Der Reformationstag ist in den Fokus gerückt, weil vier Bundesländer ihn als gesetzlichen Feiertag anerkannt haben. Zurecht, sagt Johann Hinrich Claussen, Kulturbeauftragter der EKD, denn der Tag sei wichtig als Verbindung von Kirchenjahr und säkularem Gedenkjahr.

Johann Hinrich Claussen im Gespräch mit Ute Meyer | 31.10.2018
    Die Luther-Bibel - Teil des Denkmals des Reformators Martin Luther in Wittenberg
    "Die Reformation ist ja nicht nur eröffnet worden durch diesen Thesenschlag eines Einzelnen, sondern auch durch ganz, ganz viele Disputationen", sagt Johann Hinrich Claussen (dpa/Peter Endig)
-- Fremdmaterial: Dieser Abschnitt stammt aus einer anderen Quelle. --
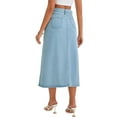 thumbnail image 3 of INSPIRE CHIC Women's Skirt Jean High Waist A-Line Thigh Split Midi Denim Skirt M Light Blue, 3 of 6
    Ute Meyer: Heute vor 501 Jahren, am 31. Oktober 1517, soll Martin Luther seine 95 Thesen zu den Missständen in der Kirche an die Schlosskirche in Wittenberg genagelt haben – die Reformation und damit die Gründung der evangelischen Kirche nahm ihren Lauf. Protestanten in aller Welt feiern am 31. Oktober den Reformationstag, und seit diesem Jahr ist er in den norddeutschen Bundesländern Schleswig-Holstein, Hamburg, Bremen und Niedersachsen zum ersten Mal auch gesetzlicher Feiertag. Dieser neue Feiertag, der in den meisten protestantisch geprägten Bundesländern begangen wird, er ist eingeführt worden auch um das Ungleichgewicht auszugleichen zu den katholisch geprägten Bundesländern, die deutlich mehr Feiertage haben. Über den neuen Feiertag möchte ich sprechen mit Johann Hinrich Claussen, dem Kulturbeauftragten der Evangelischen Kirche Deutschland und ehemaliger Hauptpastor in Hamburg. Herr Claussen, ist der Reformationstag für die Menschen in Norddeutschland mehr als nur ein weiterer arbeitsfreier Tag?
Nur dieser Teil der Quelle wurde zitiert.